LETTERA A DONNARUMMA/ "Gigio", segui quello che hai nel cuore e non ti curar di noi

Luigi Donnarumma lascia il Milan per il Real Madrid. I tifosi del Milan gliene dicono di tutti i colori. Ma cosa deve fare in un caso simile, un giovane di 18 anni? LORENZO ETTORRE

"Gigio" Donnarumma (LaPresse)

Caro Gigio,
la vicenda di calciomercato che ti vede protagonista in questi giorni sta sfuggendo di mano a molti, che sull'onda di un entusiasmo spesso mortifero giudicano mozzando pezzi di realtà che proprio un dettaglio non sono. 

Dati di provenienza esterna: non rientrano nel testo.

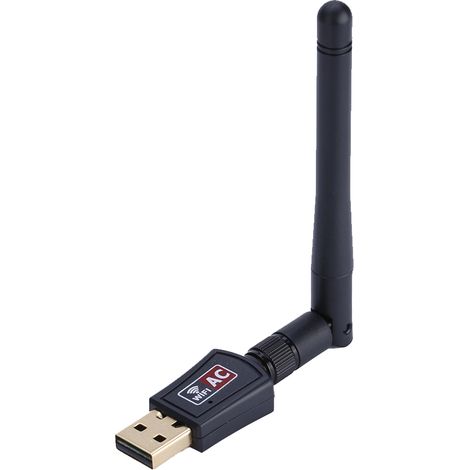 Antenne WiFi USB Externe 600M Dual Band 2.4G/5G pour Réseau Sans Fil (1/5)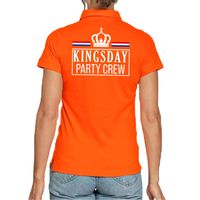 Kingsday party crew polo shirt oranje voor dames - Koningsdag polo shirts - thumbnail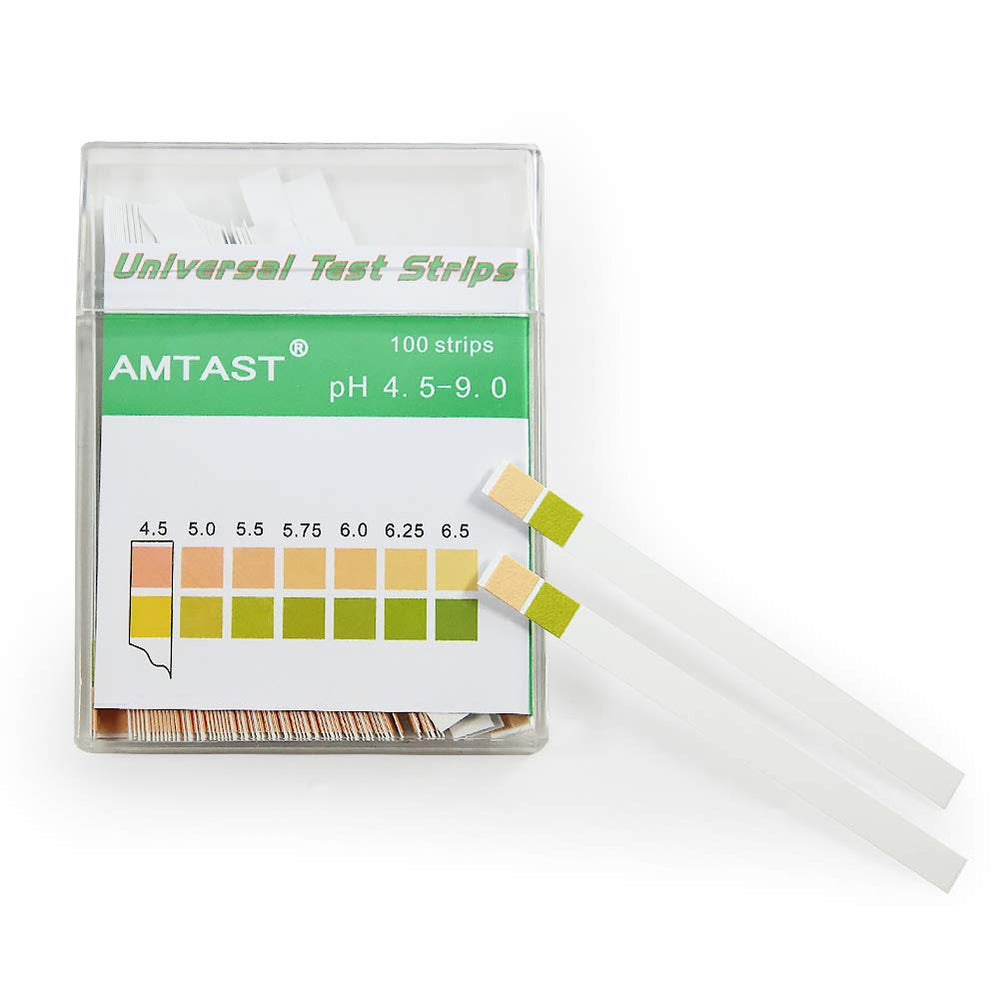 pH Test Strips Testing Alkaline and Acid Levels in The Body pH Level Tests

"Mi stanno massacrando", hai confidato amaramente ai tuoi compagni di squadra durante il ritiro in nazionale under 21. E in effetti è stato un vero e proprio linciaggio quello che ti hanno riservato i tifosi del Milan (e non solo loro) dopo che hai rifiutato il rinnovo di contratto propostoti dal club. A pesare, e ad essere usato contro di te, è stato l'ormai famoso bacio alla maglia la sera di Juventus-Milan. Il "bacio di Gigio" è diventato improvvisamente il "bacio di Giuda". 

Abbi pazienza, Gigio. Cerca di leggere un bisogno sincero di fedeltà — cioè di verità — nelle parole a volte esagerate che noi tifosi ti abbiamo vomitato addosso: non siamo cattivi, siamo affamati. Affamati di bellezza. Nel calcio, come in tutto il resto. E negli idoli che ci costruiamo, nelle nicchie dei nostri totem sportivi riversiamo tanta della nostra amara e delusa speranza quotidiana. Ogni errore è una verità impazzita, ha scritto Chesterton, centrando il punto. 

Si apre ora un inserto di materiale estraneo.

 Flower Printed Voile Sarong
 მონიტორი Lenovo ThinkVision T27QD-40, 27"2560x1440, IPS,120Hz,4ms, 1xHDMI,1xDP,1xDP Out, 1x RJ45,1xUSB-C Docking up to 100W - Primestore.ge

Insegno in una scuola superiore, i miei ragazzi stanno per iniziare la maturità, e hanno la tua stessa età. Permettimi di dirti quanto ho incessantemente ricordato loro durante quest'anno di studio matto e speranzosissimo: "vai avanti". Rischia sul tuo futuro come è giusto che faccia un ragazzo non ancora ventenne; dai spazio all'ipotesi di bene che hai nel cuore, quale che sia, senza ingabbiarla nei pregiudizi degli altri, nei tuoi, o in quelli di qualsivoglia procuratore; non sei un traditore, non sei un fallito: sei un uomo che vive, sei un uomo che ci prova, con i suoi limiti e con le sue attese, con i suoi schemi e con le sue idee. 

Per quello che vale, io sto con te, come sto con ogni uomo che, appunto, "ci prova", da qualunque luogo provenga e in qualunque luogo sia diretto. Non tradisce chi rinnega un'idea, chi cambia squadra, ma tradisce chi rinnega se stesso; le due cose possono coincidere, ma possono anche non coincidere affatto. E allora, vai dove vuoi, ma ricordati da dove vieni, cioè ricordati che la tua casa è il posto dove vorrai sempre tornare.